The fact is that economic decisions have been less and less favourable to families in recent years; and it may be that political decisions in the future will undermine further the dignity and uniqueness of marriage as a lifelong union of man and woman,” the bishops say.”
It is ironic that a group of people who have made a conscious decision not participate in the “institution of marriage” can see it as so important. Clearly it is important, but not for them.
It is interesting to examine the logic and tactics behind this claim.
The tactic is to label a decision to support same-sex marriage as a “political” decision. The implication being that anything that is political is inherently flawed. But the more important point is that same-sex marriage is, for many people, a question of social justice, not just politics.
Is just as valid to say that opposition to same-sex marriage is a religious decision. For many people, myself included, that deciding issues of public policy and social equity on religious beliefs is a very poor way to make decisions affecting the whole population.

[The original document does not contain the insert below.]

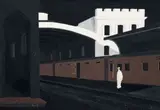 Fred Page, Waiting for the Train, acrylic on board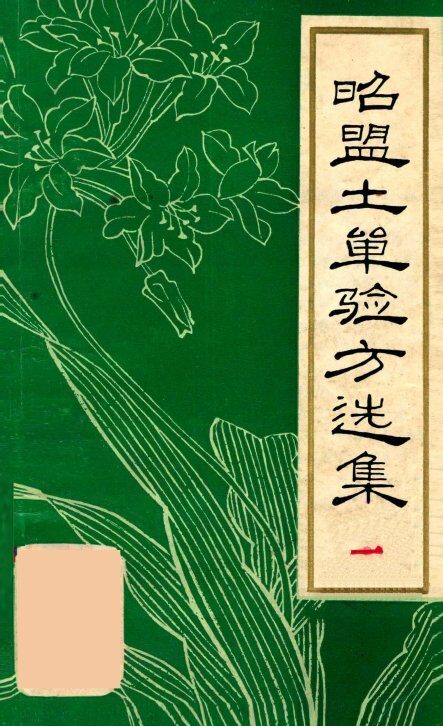 昭盟土单验方选集  1 封面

But it is the logic of the “undermining the Institute of marriage” argument that is so faulty. Allowing same-sex couples to marry should not, and probably will not, affect the relationships of established heterosexual couples.
Do the bishops really believe that the legalisation of same-sex marriage would suddenly lead to the breakup of large numbers of heterosexual marriages? That a whole lot of married blokes are going to say, “Great, it’s legal now. I’ll go and marry my best mate.”?
More than a hundred years ago, there were similarly fallacious arguments being extended to deny women the right to vote.
There have always been people who turn their backs on important social issues. It’s usually men.
And hundred years before that, the argument was that people who did not own property should not be allowed to vote.
A recent letter writer to The Age said he found it incongruous that an organisation which had condoned, ignored and, indirectly, supported the activities of paedophiles should be expressing such concern about support for families.